De retour à Montmartre, alors qu'on le croyait
délivré de son addiction, il se remit à boire et ses crises
recommencèrent de plus belle à tel point qu'il fallut envisager à
nouveau de le soigner.
Utrillo vit maintenant à Montmartre et peindre
ne lui déplait plus. De mauvais sujet, il est devenu un
extraordinaire magicien de la peinture pour le plus grand bonheur de
sa mère. On peut estimer à 150 le nombre de peintures qu'il a
réalisées entre l'automne 1903 et l'hiver 1904; des peintures qu'il
vendait pour quelques sous à des marchands sans scrupule ou qu'il
échangeait dans un tripot contre quelques verres.
Pendant des années, Utrillo, tantôt ange,
tantôt démon, ira ainsi de
beuveries en beuveries, de rixes en rixes, de postes de police en postes de police et de cuites en chefs-d'oeuvre avec
une étrange et fascinante faculté de dédoublement. Il sera interné à plusieurs reprises (Sannois,
Sainte-Anne, Villejuif, Picpus).
Entre 1912 et 1914, le peintre, à l'apogée de son talent, effectue
un long séjour en Corse avec sa mère Suzanne Valadon, son second
mari (de vingt ans plus jeune qu'elle et meilleur ami de son fils) le peintre André Utter qu'elle a
rencontré en 1909 après s'être séparée de Paul Mousis et
son grand ami Richmond Chaudois, mutilé de guerre au visage balafré.
Après son arrivée à Ajaccio, les visiteurs prennent la direction de
Corté où "Suzanne Valandon réalise le plus complet, le plus déconcertant des paysages : toute
la ville de Corte, avec tous ses détails de maisons de
pierres, d'arbres, de haies, tout ce qui peut être dans une ville.
Utter, lui, peint de la Corse ses ponts de pierre rouge, ses
calvaires, ses paysages les plus âpres, les plus sombres, où des
bleus sourds voisinent avec des rouges éteints, sous des ciels
d'acier. Et lui, Utrillo, pendant ce temps, il reste dans ses nuages.
Devant un paysage, il pensait à autre chose.

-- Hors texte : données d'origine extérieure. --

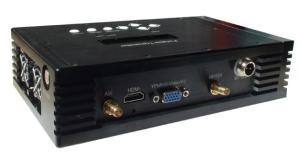 Wholesale Dt-7101he DVB Modulator MPEG1 Long Range Hdmi Transmitter from china suppliers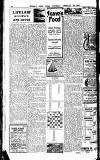 Weekly Irish Times Saturday 29 February 1908 Page 18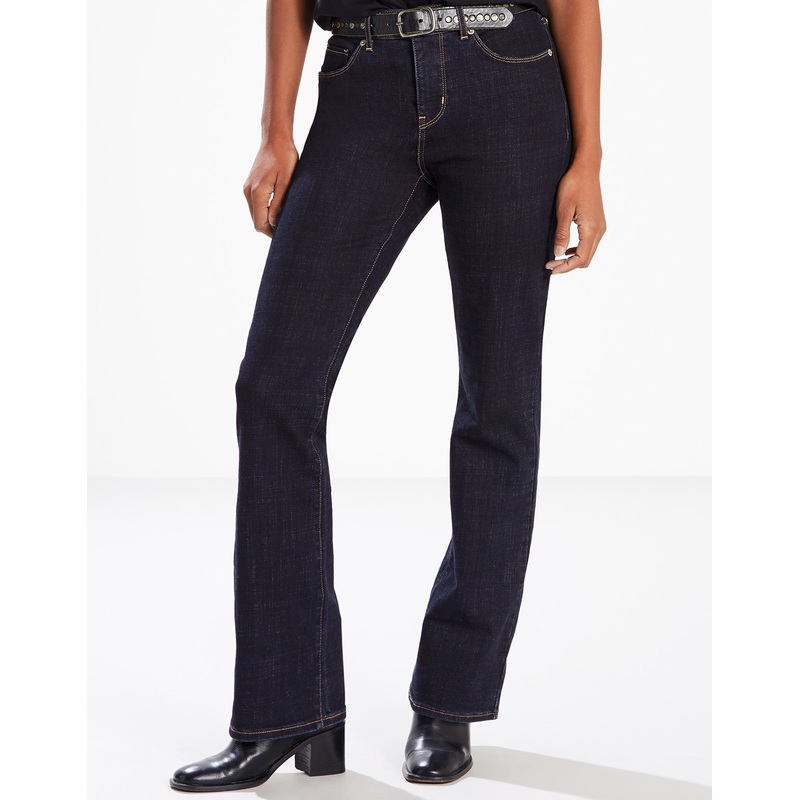 Levi’s Women’s Mid-Rise Classic Bootcut Jeans |Levi’s In Lebanon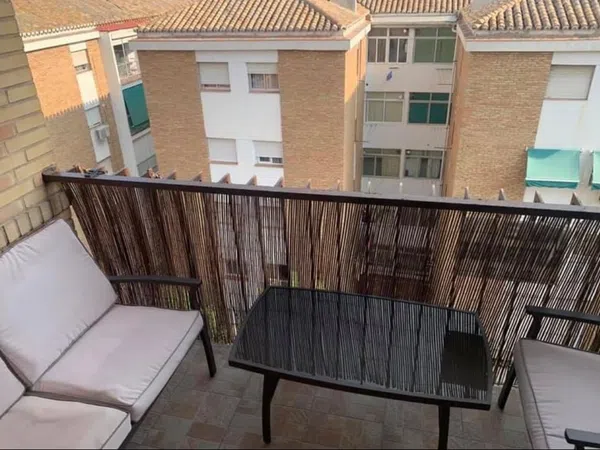 Alquiler de piso en Calle Demetrio Spínola, 17 - Foto 3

Il peint un presbytère au pied du
Monte Cinto; le mont était garni de soldats Français qu'il effacera
par la suite". A Belgodère, il participe avec l'architecte Dufour à la peinture des plafonds
du château des Malaspina et peint de nombreux paysages Corses :
Le couvent de Piedicroce dont le tableau se trouve au musée de
l'Annonciade à Saint-Tropez, une rue de Corte, (le cours Paoli),
l'église San-Michele de Murato dont il a exécuté au moins 3 peintures,
le presbytère de Prunelli di Fiumorbo.
En 1925, Maurice Utrillo participe à l'exposition des peintres Corses à Paris.
En 1929, le gouvernement Français le décore de la croix de la Légion d'honneur.
En 1935, âgé de 51 ans, il épouse Lucie Valore malgré l'opposition de sa mère.
Il meurt le 5 novembre 1955 à l'hôtel Splendid de Dax où il était en cure avec sa femme.
Il est enterré au cimetière Saint-Vincent de Montmartre à Paris face au Lapin Agile.